McDonald spent 2016-17 as an understudy behind starter Dru Brown. However when Brown surprisingly transferred to Oklahoma State in spring of 2018, McDonald embarked on a two-year battle with Chevan Cordeiro for the starting QB position. HC Rolovich kept media in the dark as to who would take the first snaps in their opening game against Colorado State, hinting that he could end up playing multiple quarterbacks. McDonald ceased control of the job right away by throwing for 418 yards and three touchdowns along with 96 yards rushing and two more scores on the ground in a 43-34 victory over the Rams. In his first six games of 2018, Hawaii was 5-1 and McDonald had already eclipsed the 2,000-yard mark while sporting a superb 24/2 ratio. However against San Jose State he injured his knee and proceeded to miss the next game against Wyoming before struggling down the stretch while toughing out his injury. McDonald completed under 52 percent of his passes in five of his last seven games and finishing with a 12/8 ratio over that span. Despite the poor finish, McDonald still completed 59 percent of his passes for 3,875 yards and a 36/10 ratio. He demonstrated a penchant for stretching the field vertically by completing 38 percent of his deep throws and 35 passes of 25 yards or more.
He started the first game of 2019 posting 378 yards, four touchdowns and four interceptions against Arizona, but he was pulled in the fourth quarter in favor of Chevan Cordeiro who led Hawaii to a dramatic comeback victory. McDonald retained starting duties while Cordeiro saw periodic snaps until McDonald struggled in a week 10 loss to Fresno State, at which point the turbulent QB battle became a time-share shrouded in weekly speculation from HC Rolovich. McDonald still took the majority of snaps down the stretch until performing poorly against Louisiana Tech in their bowl game, completing 10-of-20 passes for 85 yards and a 1/2 ratio before being pulled in favor of Cordeiro. He finished with 4,135 yards passing, completing 64 percent of his passes with a 33/14 ratio. With his knee injury improved, McDonald tightened up his mid-range accuracy. He thrived when attacking the middle of the field, receiving a PFF passing grade of 78 when throwing between the numbers. In fact 21 of his 36 touchdown passes came between the hashes. His funky, long arm delivery noticeably inhibited his accuracy when McDonald was forced to make quick decisions. When presented with a clean pocket, McDonald received an excellent 87.7 PFF passing grade with a 28/7 ratio. However when facing pressure his grade plummets all the way down to a 37.3 rating with a 5/7 ratio. Boise State in particular gave McDonald trouble when they crowded the middle of the field and forced McDonald to make short throws with a hand in his face.
McDonald worked on shortening his elongated throwing motion in the offseason, as NFL DB's will read and react to his telegraphed motion making it even more difficult to complete passes given his mediocre arm strength.
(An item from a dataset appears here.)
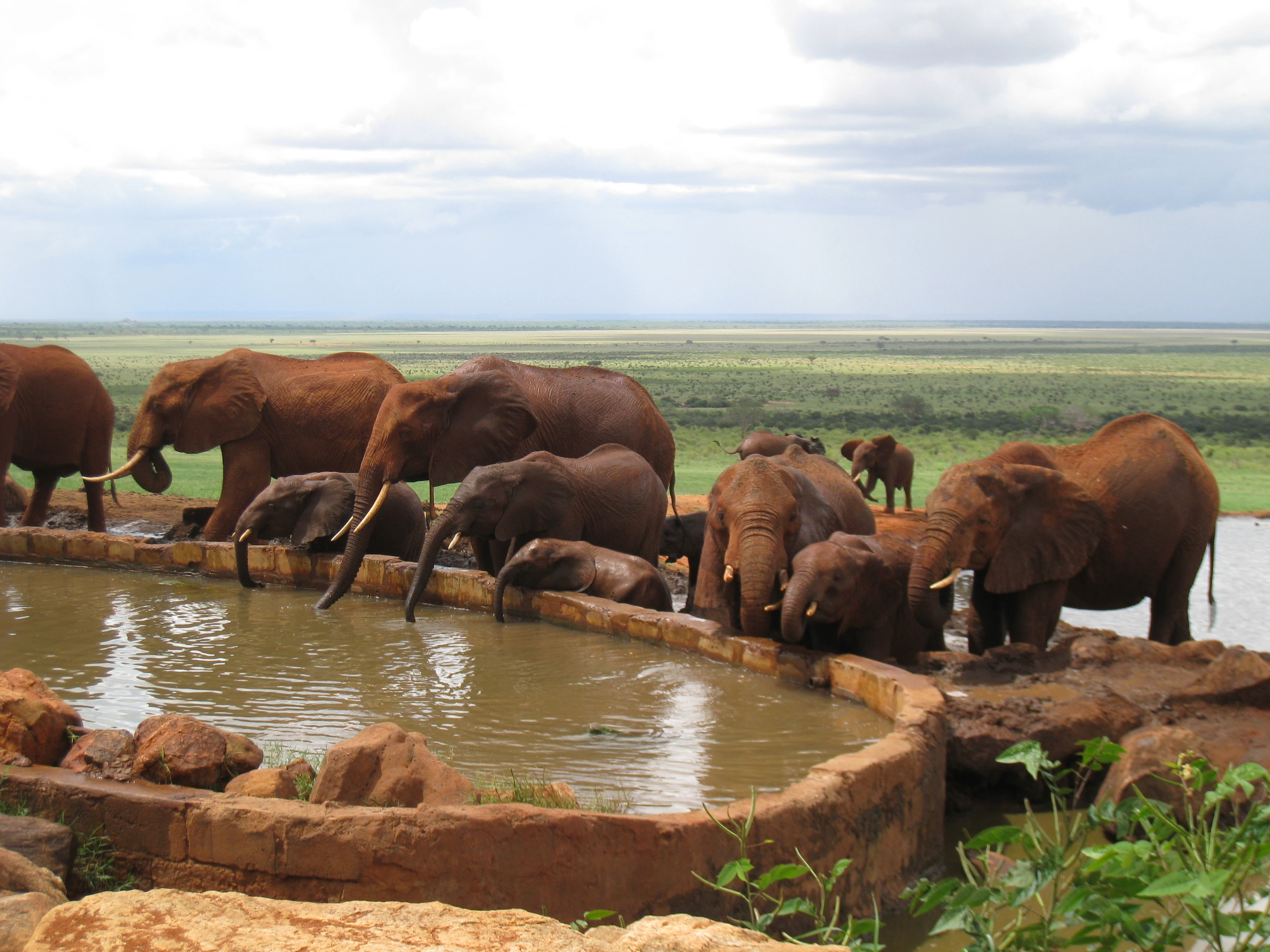 Tsavo East National Park image 4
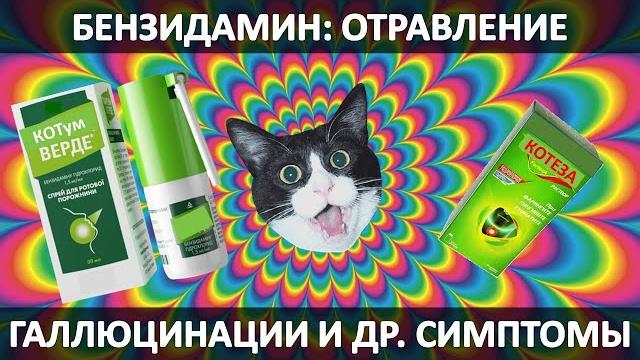 БЕНЗИДАМИН (Тантум Верде, Фортеза): ГАЛЛЮЦИНАЦИИ и др. СИМПТОМЫ ОТРАВЛЕНИЯ; МЕДИЦИНСКАЯ ПОМОЩЬ БЕНЗИДАМИН (Тантум Верде, Фортеза): ГАЛЛЮЦИНАЦИИ и др. СИМПТОМЫ ОТРАВЛЕНИЯ; МЕДИЦИНСКАЯ ПОМОЩЬ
His ball wobbles upon exit if he doesn't set properly. McDonald's sometimes suspect ball placement will be challenged by tighter throwing windows at the NFL level. Even so, he is adept at reading defenses and making progressions while possessing the speed and pocket awareness to extend plays. He has room to fill out his frame and could use the extra size to help add strength to his rather unimpressive arm.
Some team will likely be intrigued enough by McDonald's athleticism and give him a look on Day 3. McDonald reminds me of former Ole Miss QB Jordan Ta'amu, who now commandeers the XFL's St. Louis BattleHawks. Ka-Kawwww!